Evaluation and manuscript gates:

- Report VaR coverage, exception diagnostics, quantile loss, joint VaR-ES loss for
  valid VaR-ES pairs, ES exceedance severity, tail-ranking diagnostics, and paired-loss
  inference where the sample supports it.
- Murphy diagnostics are diagnostic plots, not standalone significance tests.
- Conditional predictive ability diagnostics are conditional loss-difference evidence,
  not automatic model-selection claims.
- Use the headline ML tail ladder for the main information-set story. Treat restricted
  cross-family rows as diagnostic or restricted evidence unless common-sample and
  inference gates justify promotion.
- Additional forecast-distribution scoring extensions are not current evidence. Do not
  add them to the current paper unless a later review requires stable definitions,
  artifact schemas, tests, and manuscript wording.
- DST attenuation is descriptive forecast evidence, not a structural causal mechanism.
- ES severity is conditional on VaR exceptions and must be reviewed before being
  converted into manuscript prose.
- VaR-trigger diagnostics are pre-open risk-monitoring diagnostics.

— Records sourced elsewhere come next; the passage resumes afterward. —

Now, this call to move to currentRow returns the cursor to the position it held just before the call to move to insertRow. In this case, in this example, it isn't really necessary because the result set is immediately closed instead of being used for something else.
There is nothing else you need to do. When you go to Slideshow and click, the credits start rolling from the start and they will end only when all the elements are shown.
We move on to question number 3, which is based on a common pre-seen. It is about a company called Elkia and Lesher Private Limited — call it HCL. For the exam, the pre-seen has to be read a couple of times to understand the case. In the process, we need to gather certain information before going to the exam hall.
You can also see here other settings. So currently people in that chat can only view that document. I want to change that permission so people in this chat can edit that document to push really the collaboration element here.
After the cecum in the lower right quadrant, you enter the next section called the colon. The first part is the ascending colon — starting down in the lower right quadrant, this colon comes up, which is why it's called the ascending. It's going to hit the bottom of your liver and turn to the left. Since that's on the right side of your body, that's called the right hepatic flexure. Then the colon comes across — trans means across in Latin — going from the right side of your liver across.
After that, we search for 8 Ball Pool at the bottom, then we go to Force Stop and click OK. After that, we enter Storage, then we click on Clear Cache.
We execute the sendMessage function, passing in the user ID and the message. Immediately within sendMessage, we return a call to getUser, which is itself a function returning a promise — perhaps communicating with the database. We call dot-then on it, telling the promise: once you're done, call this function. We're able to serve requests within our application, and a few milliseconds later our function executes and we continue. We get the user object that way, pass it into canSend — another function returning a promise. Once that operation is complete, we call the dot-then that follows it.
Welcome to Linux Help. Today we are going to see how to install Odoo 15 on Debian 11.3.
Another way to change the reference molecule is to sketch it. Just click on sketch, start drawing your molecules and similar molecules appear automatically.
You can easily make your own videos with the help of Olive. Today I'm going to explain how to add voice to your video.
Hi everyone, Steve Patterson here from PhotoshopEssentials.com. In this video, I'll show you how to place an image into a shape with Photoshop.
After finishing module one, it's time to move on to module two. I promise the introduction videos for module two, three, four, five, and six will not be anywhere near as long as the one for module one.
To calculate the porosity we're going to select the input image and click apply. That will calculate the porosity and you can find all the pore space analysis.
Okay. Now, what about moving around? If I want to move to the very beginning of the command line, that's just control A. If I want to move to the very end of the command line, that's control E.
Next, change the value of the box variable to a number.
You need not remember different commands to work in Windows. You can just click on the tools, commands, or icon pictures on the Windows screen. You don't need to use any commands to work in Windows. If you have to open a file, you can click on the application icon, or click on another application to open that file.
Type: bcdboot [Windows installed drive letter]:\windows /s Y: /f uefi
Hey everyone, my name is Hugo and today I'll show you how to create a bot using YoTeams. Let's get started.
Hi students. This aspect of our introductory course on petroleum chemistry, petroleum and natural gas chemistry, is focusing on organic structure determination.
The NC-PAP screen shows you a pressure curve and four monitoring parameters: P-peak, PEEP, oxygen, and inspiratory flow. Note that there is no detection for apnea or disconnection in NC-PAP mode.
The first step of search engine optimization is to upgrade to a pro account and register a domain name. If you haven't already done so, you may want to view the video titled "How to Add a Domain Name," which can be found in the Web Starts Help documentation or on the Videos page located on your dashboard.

They do not
  estimate hedge PnL, costs, turnover, or loss avoided.
- Do not make trading-alpha, live-deployment, price-discovery, structural-causality,
  or hedge-PnL claims without a separate registered design and evidence layer.

Acceptance criteria:

- The documented verification workflow passes before a change is treated as complete.
- New outputs are either small tracked synthetic fixtures or ignored local artifacts.
- No vendor credentials, raw market data, caches, generated reports, or local build
  artifacts are committed.
- Documentation is updated when behavior, schemas, workflow entrypoints, or claim
  boundaries change.
- Claims are labeled honestly: schema checks, smoke checks, and real-data validation
  are not interchangeable.
- Any unavailable target or benchmark is explicitly marked as unavailable or deferred
  with a reason.

When reporting progress, separate:

- Blocking issues.
- Non-blocking risks.
- Missing tests.
- Documentation drift.
- Recommended next implementation step.
- Implemented and tested.
- Implemented but only smoke-tested.
- Requires real vendor data.
- Requires licensed intraday data.
- Still planned or deferred.

Use current repository evidence when giving file or line references. Do not propose
new model work until the target-data audit gate is satisfied.